Identified the most suitable trajectory planning algorithm for safety

Developed mobility schemes for different interaction scenarios

Validated safety in virtual reality-based human-robot interaction

Abstract

In a human-robot interaction system, the most important thing to consider is the safety of the user. This must be guaranteed in order to implement a reliable system. The main objective of this paper is to generate a safe motion scheme that takes into account the obstacles present in a virtual reality (VR) environment. The work is developed using the MoveIt software in ROS to control an industrial robot UR5. Thanks to this, we will be able to set up the planning group, which is realized by the UR5 robot with a 6-sided prop and the base of the manipulator, in order to plan feasible trajectories that it will be able to execute in the environment. The latter is based on the interior of a vehicle, containing a person (which would be the user in this case) for which the configuration will also be made to be taken into account in the system.

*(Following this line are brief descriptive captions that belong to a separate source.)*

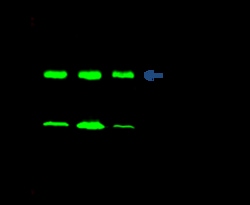 Sino Biological Recombinant Anti-Galectin-3/LGALS3 Antibody, Rabbit Monoclonal,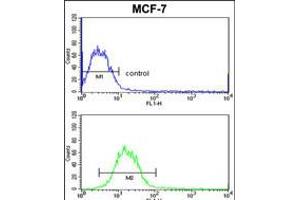 Flow cytometric analysis of MCF-7 cells (bottom histogram) compared to a negative control cell (top histogram). (SNRPB Antikörper  (N-Term))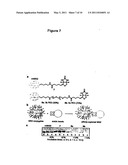 Chemically Modified Viral Capsids as Targeted Delivery Vectors for Diagnostic and Therapeutic Agents diagram and image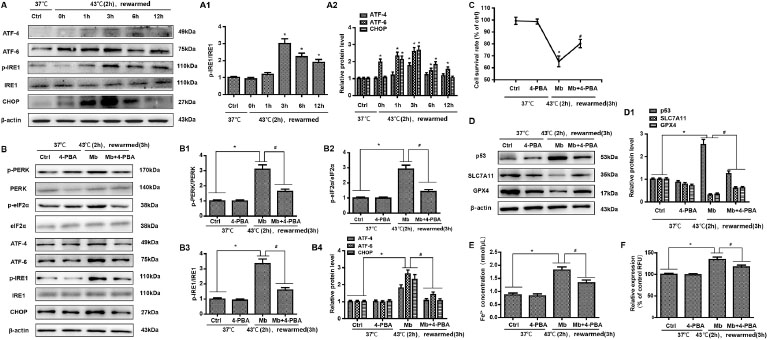 Figure 4 
Myoglobin modulates HK-2 cell ferroptosis involving endoplasmic reticulum stress after heat stress. (A, A1) Human HK-2 cells were treated with myoglobin at concentrations of 882.35nmol/L at 43℃ for 2 h and rewarmed at 37℃ at different time points (0 h, 1 h, 3 h, 6 h, and 12 h). The expression levels of p-IRE1/IRE1, ATF-4, ATF-6, and CHOP were measured by Western blot. (B, B1, B2, B3, B4) Human HK-2 cells were pretreated with 4-BPA, treated with myoglobin at concentrations of 882.35nmol/L at 43℃ for 2 h, and rewarmed at 37℃ for 3 h. The expression levels of p-PERR/PERK, p-eIF2, p-IRE1/IRE1, ATF-4, ATF-6, and CHOP were measured by Western blot. (C) Human HK-2 cells were pretreated with 4-BPA, treated with myoglobin at concentrations of 882.35nmol/L at 43℃ for 2 h, and rewarmed at 37℃ for 3 h. The cell survival rate of HK-2 cells was examined by CCK8. (D) Western blot and quantitative analyses (D1) were performed to evaluate the expression of P53, SLC7A11, and GPX4. (E and F) Intracellular Fe2+ and ROS in HK-2 cells were detected. The values are the mean ± SD from triplicate independent experiments with statistical significance: *P < 0.05 the control group; #P < 0.05 vs. the Mb group.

To do this, we first investigated the software's capabilities and options for path planning, as well as the different ways to execute the movements. We also compared the different trajectory planning algorithms that the software is capable of using in order to determine which one is best suited for the task. Finally, we proposed different mobility schemes to be executed by the robot depending on the situation it is facing. The first one is used when the robot has to plan trajectories in a safe space, where the only obstacle to avoid is the user's workspace. The second one is used when the robot has to interact with the user, where a dummy model represents the user's position as a function of time, which is the one to be avoided.